No one likes to think about breaking up -- but it happens sometimes. If you’re married and you divorce, there’s a formal process for deciding what happens to shared assets and debts. But if you aren’t married, it can become a lot harder to determine who is responsible for paying off the loan you’ve taken out together. And if you took out a loan to buy a shared asset -- such as a couch or a car or a house -- there could be fights about what happens to your joint property.
You need to make sure you discuss what will happen both to whatever you buy with the loan proceeds and what will happen to the debt you’ve taken on together. As you have this conversation, remember that creditors will still hold you both responsible if you’re co-borrowers -- even if you both agree your partner should be the one paying after a split. So if your partner promises they’ll take over loan payments but then defaults on the loan, the creditor could come after you.
One possible option you should consider is that one partner will agree to keep the asset and to refinance the loan into his or her own name if a breakup happens. Depending on the value of the item and the specifics of your situation, the partner who keeps the asset may also need to buy out the interest of the other partner by paying back some of the payments that have already been made.

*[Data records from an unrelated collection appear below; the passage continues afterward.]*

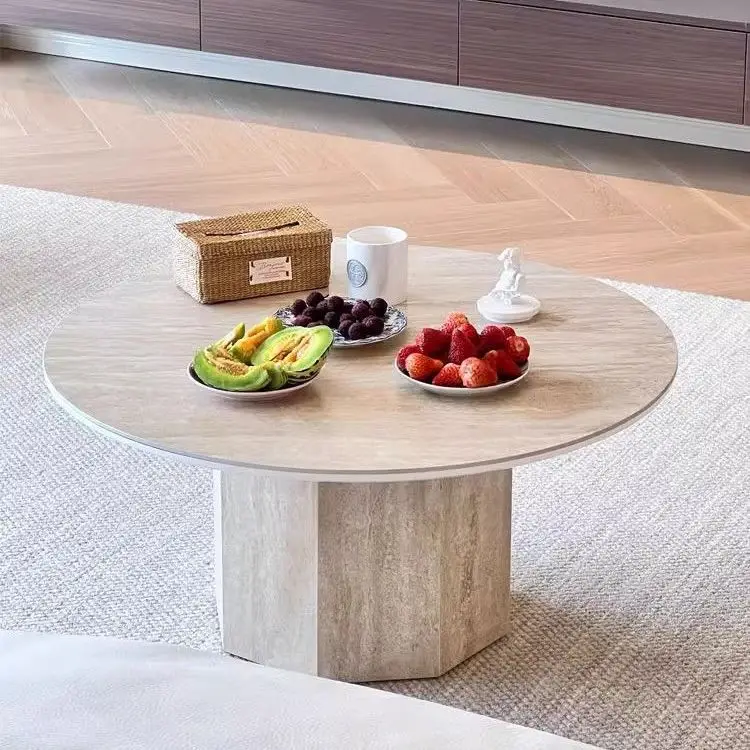 Living room Nordic home wabi wind coffee table round designer French small apartment travertine rock slab table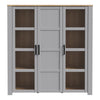 Bohol Large Display Cabinet in Riviera Oak/Grey Oak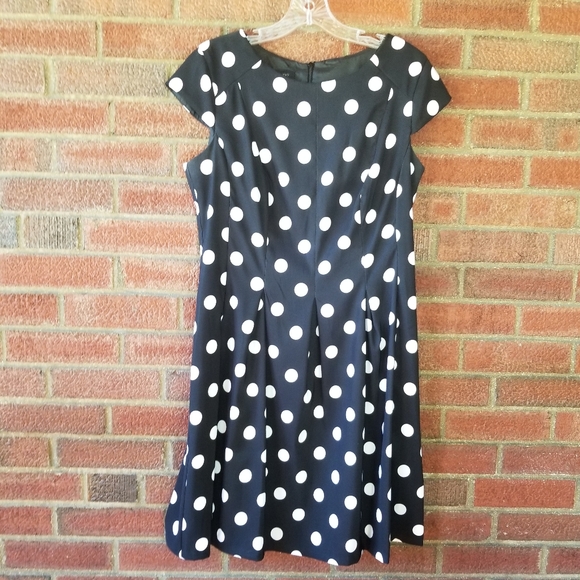 AB Studio Women's Black and White Polka Dot Dress - Picture 3 of 12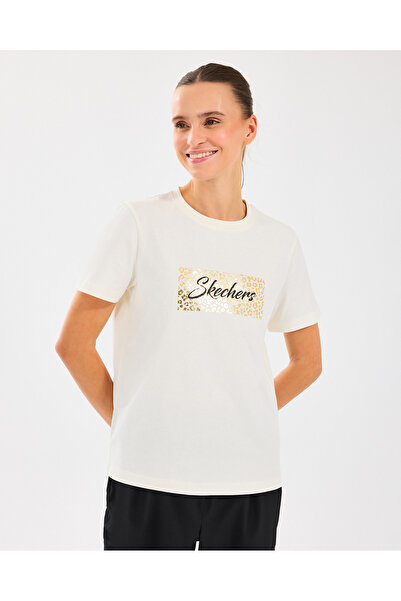 SKECHERS W Regular Fit Graphic Tee T-Shirt Kadın Off White Tshirt S2510141-102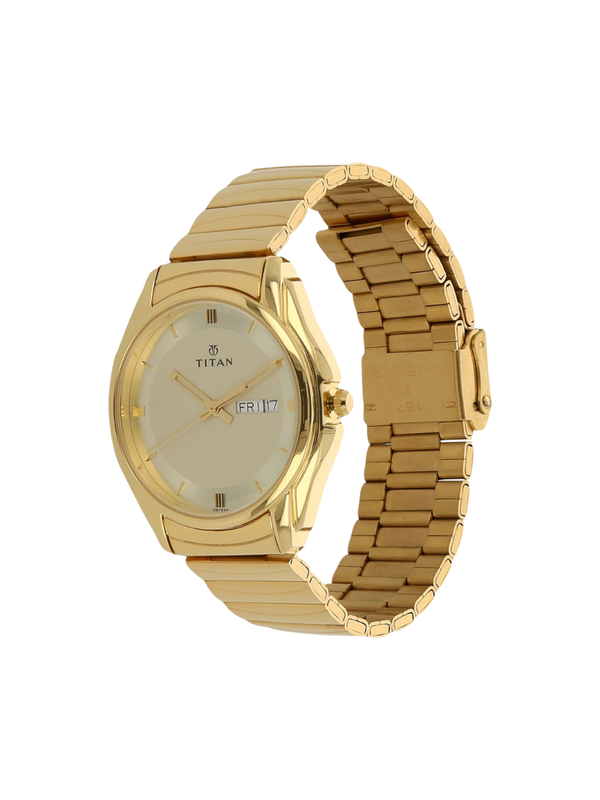 Men’s Black Dial Metal Strap Wrist Watch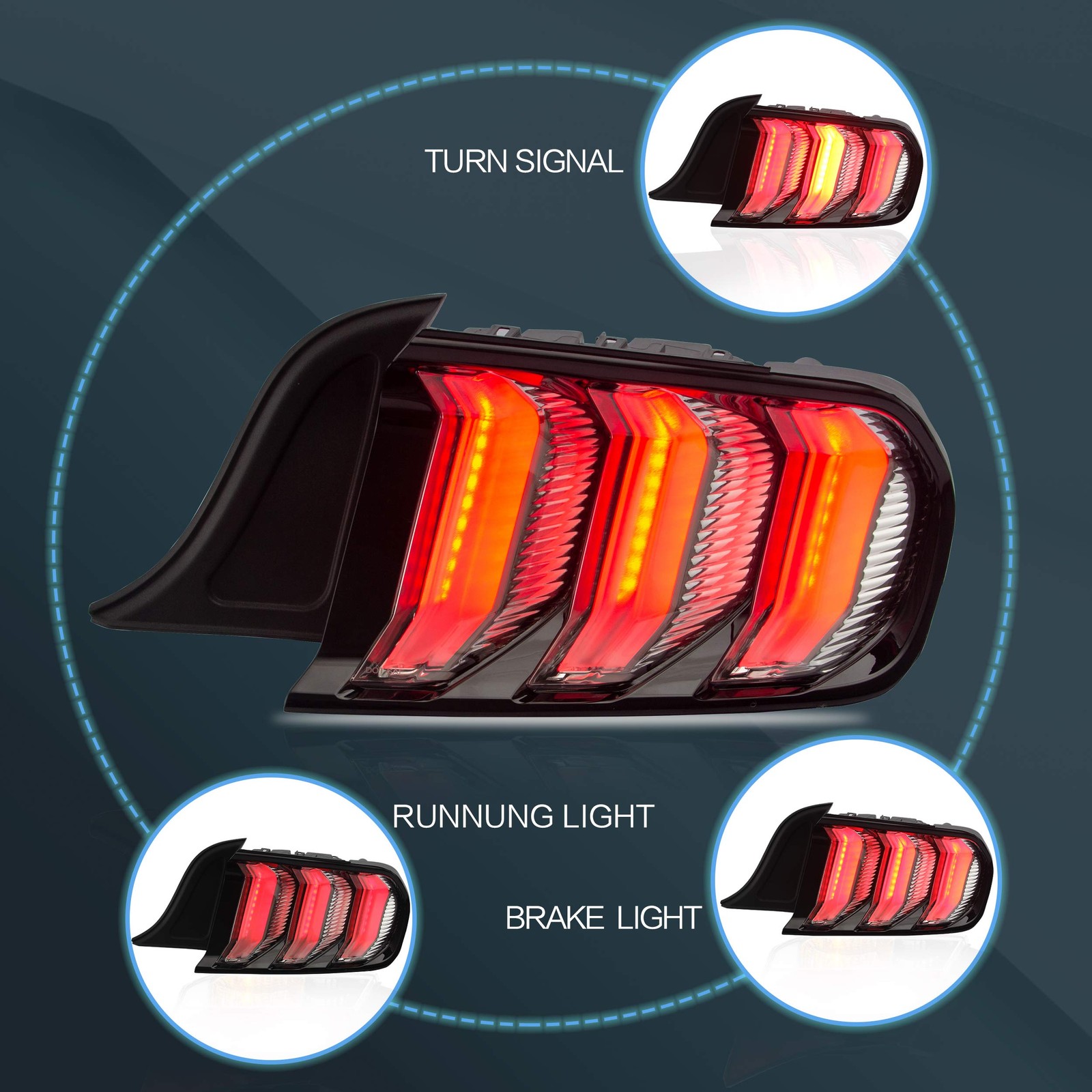 Tail lights Assembly Fit for 2015-2020 Ford Mustang 6th Gen Plug-and-play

Whatever you decide, make sure you have a serious conversation about the outcome of a breakup before you take out a loan -- and consider making a written agreement so there’s no confusion over responsibility if the day comes that you decide to split.
Taking out a joint loan is a big deal -- especially if you aren’t married and decisions about the loan won’t be part of a formal divorce settlement. Before you agree to share debt, make sure you’re comfortable with how your partner spends money, have exchanged credit scores, are able to talk about money together, and know what will happen if you break up.
If you’ve been together for a while and you are confident that your partner will be responsible about paying back what you owe, then you can say yes to a joint loan when doing so helps accomplish your financial goals. Just make sure you’re both on the same page about payback so the money you borrow doesn’t lead to big disagreements in the future.